The total number of people dying has dropped across the board in nearly every category. More people over 85 died in the first six months of the pandemic, 4,209, than the number of deaths across all age groups in the past six months.

Second, your age is a factor. While older people have always been more vulnerable, they account for an even higher proportion of COVID deaths now.

The proportion of all COVID deaths among those 85 and older has grown from 29% to 42%. But that doesn’t mean the virus is deadlier for our elders: In the first six months of the pandemic, there were three times more deaths from the virus in that 85-and-older age group than there were in the most recent six-month period.

However small the number, there is one statistical peculiarity: The two youngest age groups are the only ones that saw more deaths in the past six months than early in the pandemic.

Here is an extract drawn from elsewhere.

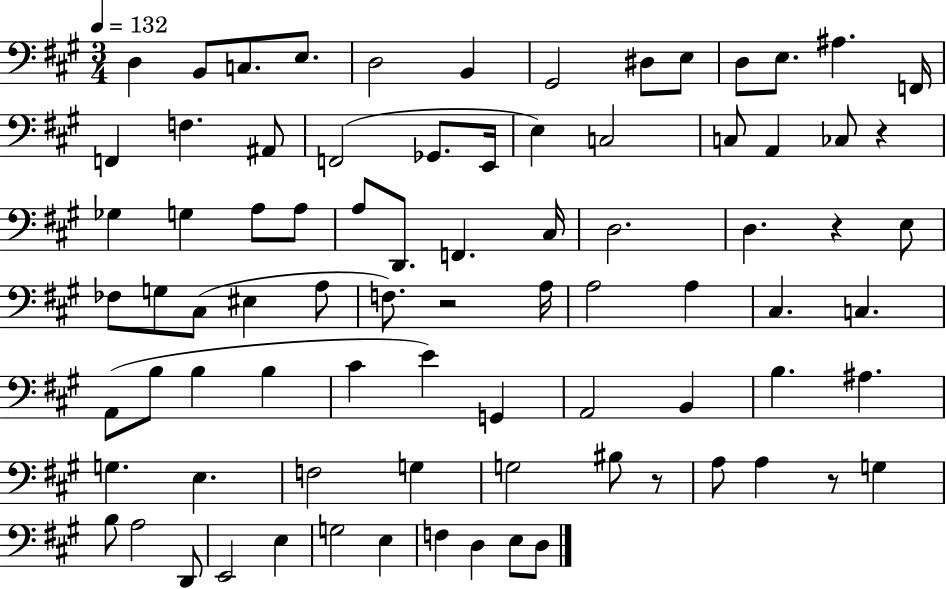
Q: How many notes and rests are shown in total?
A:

No deaths were reported among children younger than 14 in the Golden State through Aug. 31, 2020, but three young children have died from COVID, including two children under 5, in the last six months.

While deaths have become more concentrated among older Californians, another factor has changed dramatically: the racial breakdown of the people dying.

Early in the pandemic, “Blacks and Latinos struggled much more … in terms of mortality rates than any other population, primarily compared to Asian and White populations,” Swartzberg noted. “But that has flipped.”

The percentage of Californians who died who are White has nearly doubled, from 30% to 60% of all COVID deaths, from 4,332 deaths through August 2020, to 2,065 deaths in the most recent period. White people make up 37% of the state’s residents.

Moving in the other direction, the proportion of Latino deaths among those who died from COVID has shrunk from 49% of the first six months to just 20% of recent deaths. Latino people make up 39% of the state’s residents.

California’s Latino population is younger and therefore less at risk, Swartzberg said.

And he has some more educated guesses as to why the early pandemic death trends among racial groups have flipped so dramatically: In the first years of the pandemic, many Black and Latino communities were not getting vaccinated as quickly as their White counterparts, a combination of lack of access and insufficient outreach, but that has changed as the pandemic has evolved.

November 2023 poll by KFF, a nonprofit health care research foundation, found a slightly higher percentage of Black and Hispanic adults reported getting an updated vaccine, compared to 19% of White adults. And the gap grew when adding those who planned on getting the new vaccine but hadn’t yet, 59% of Black and Hispanic adults and just 42% of White adults. The poll also found White adults were less likely to take precautions against catching and spreading the virus during this past holiday season.

Dr. Peter Chin-Hong, a UCSF professor of medicine who specializes in infectious diseases, also points to political influence on vaccine uptake as “one of the most compelling trends.”

The KFF poll found Democrats were twice as likely as Republicans to say they had already gotten the updated vaccine, while 55% of Republicans said they would “definitely not get” the new vaccine compared to 12% of Democrats and 40% of independents.

“In the beginning, none of this was political … we were all in this together,” said Chin-Hong. “The differential in mortality was based on structural racism and lack of access, underlying medical problems. But then it became a very polarizing issue, like everything regarding COVID.”